The European Journal of Contraception & Reproductive Health Care | 2013

Desogestrel-only contraception may reduce headache frequency and improve quality of life in women suffering from migraine

Gabriele S. Merki-Feld; Bruno Imthurn; Burkhardt Seifert; Laura L. Merki; Reto Agosti; Andreas R. Gantenbein

Abstract Objective To analyse the effects of a three-month course of progestogen-only contraception with desogestrel 75 μg on disability, headache frequency and headache intensity in migraineurs. Materials and methods Migraine disability headache questionnaires (MIDAS) were collected from 37 migraineurs during counselling, and at the end of three months treatment with desogestrel. Another ten women initiated but did not complete treatment. They are included in the overall evaluations of the effect of the regimen on migraine status. Results Desogestrel was associated with significant reductions in headache days and intensity (p < 0.001; p < 0.006), and a significant improvement in quality of life. Days missed at work and days missing leisure activities diminished (p < 0.001; p < 0.001). The MIDAS migraine disability score improved significantly (from 27.4 to 11.1 points) (p < 0.001). While 25 of the 37 women (68%) experienced a decrease of at least one grade, this level of benefit cannot be extrapolated to all initiators. When dropouts are considered, MIDAS grades decrease in 53% (25/47) of the cases. Conclusion The majority of migraineurs experienced a clinically significant reduction in headache frequency and improvement of quality of life with use of desogestrel. Prospective randomised controlled trials are needed to substantiate our results.
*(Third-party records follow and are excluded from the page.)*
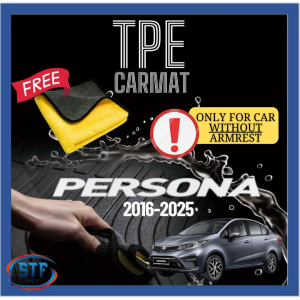 Proton Persona 2016-2025 TPE Car Carpet CarMat Compatible Waterproof High Quality Full Set Ready Stock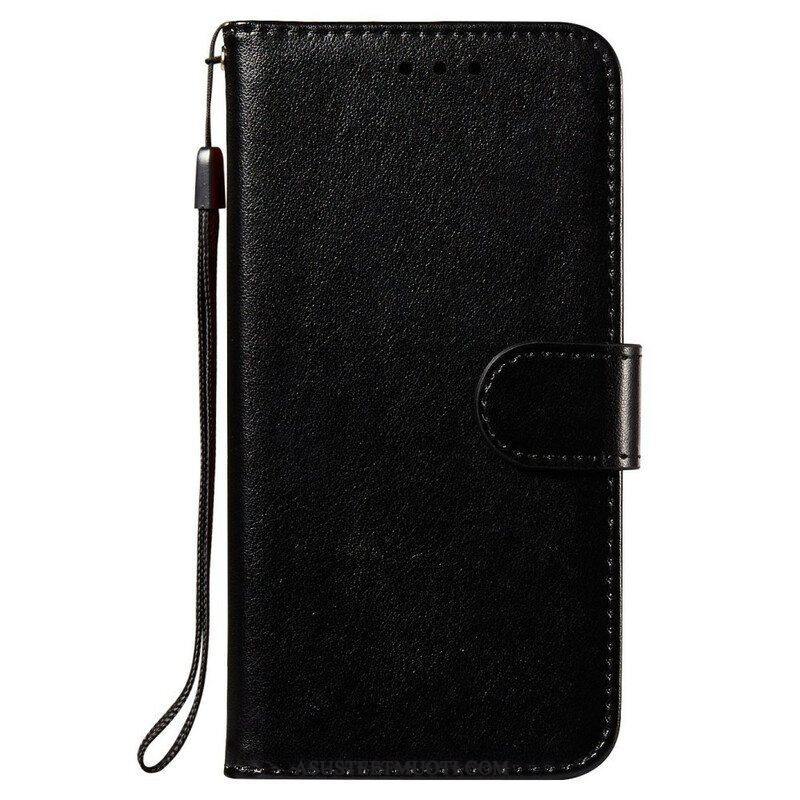 Flip Case Xiaomi Redmi Note 10 5G Nahkainen Muotoilu Hihnalla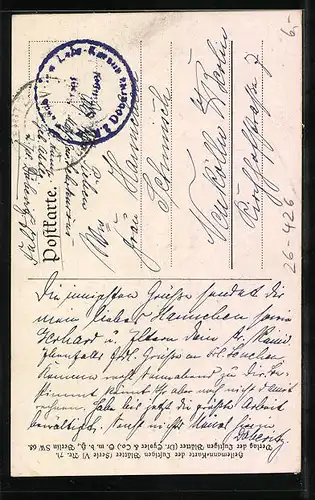 Künstler-AK Ernst Heilemann: Urlaubsfreuden, Soldat führt an jedem Arm eine hübsche Frau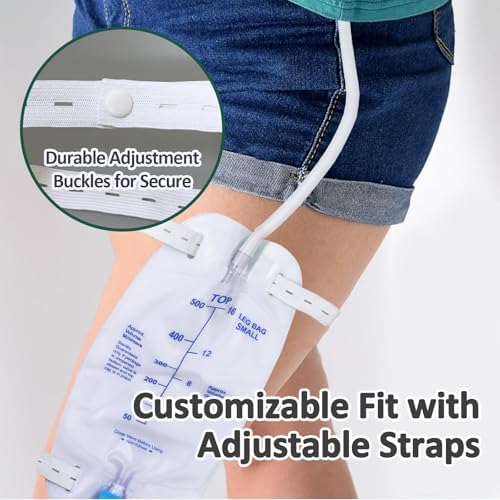 Adjustable straps and drainage valve on Opstra Yee leg bag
Journal of Obstetrics and Gynaecology | 2013

Effects of a combined oral contraceptive containing oestradiol valerate/dienogest on hormone withdrawal-associated symptoms: Results from the multicentre, randomised, double-blind, active-controlled HARMONY II study

G. Macìas; Gabriele S. Merki-Feld; S. Parke; U. Mellinger; Marco Serrani

The objective of this multicentre, randomised, double-blind study was to compare a combined oral contraceptive (COC) containing oestradiol valerate/dienogest (E2V/DNG) administered in a dynamic dosing regimen with a monophasic COC containing ethinyloestradiol/levonorgestrel (EE/LNG), with regard to their ability to reduce the frequency and intensity of headache and pelvic pain in women with hormone withdrawal-associated symptoms (HWAS). Women aged 18–50 years received E2V/DNG in an oestrogen step-down and progestin step-up regimen (26/2 regimen; n = 223) or EE 20 μg/LNG 100 μg (21/7 regimen; n = 218) over six cycles. Headache and pelvic pain were assessed using a visual analogue scale (VAS) during cycle days 22–28. Rescue medication use was also assessed. E2V/DNG was superior to EE/LNG with regard to reducing the frequency and intensity of headache and pelvic pain from baseline to cycle 6 (change from baseline in the average of the three highest VAS values [mean ± standard deviation]: 47.7 ± 29.4 vs 34.5 ± 25.7 mm, respectively; p < 0.0001). The use of rescue medication was also significantly reduced with E2V/DNG compared with EE/LNG (p < 0.05). E2V/DNG may be a good option for women who experience HWAS with traditional 21/7-day regimen COCs.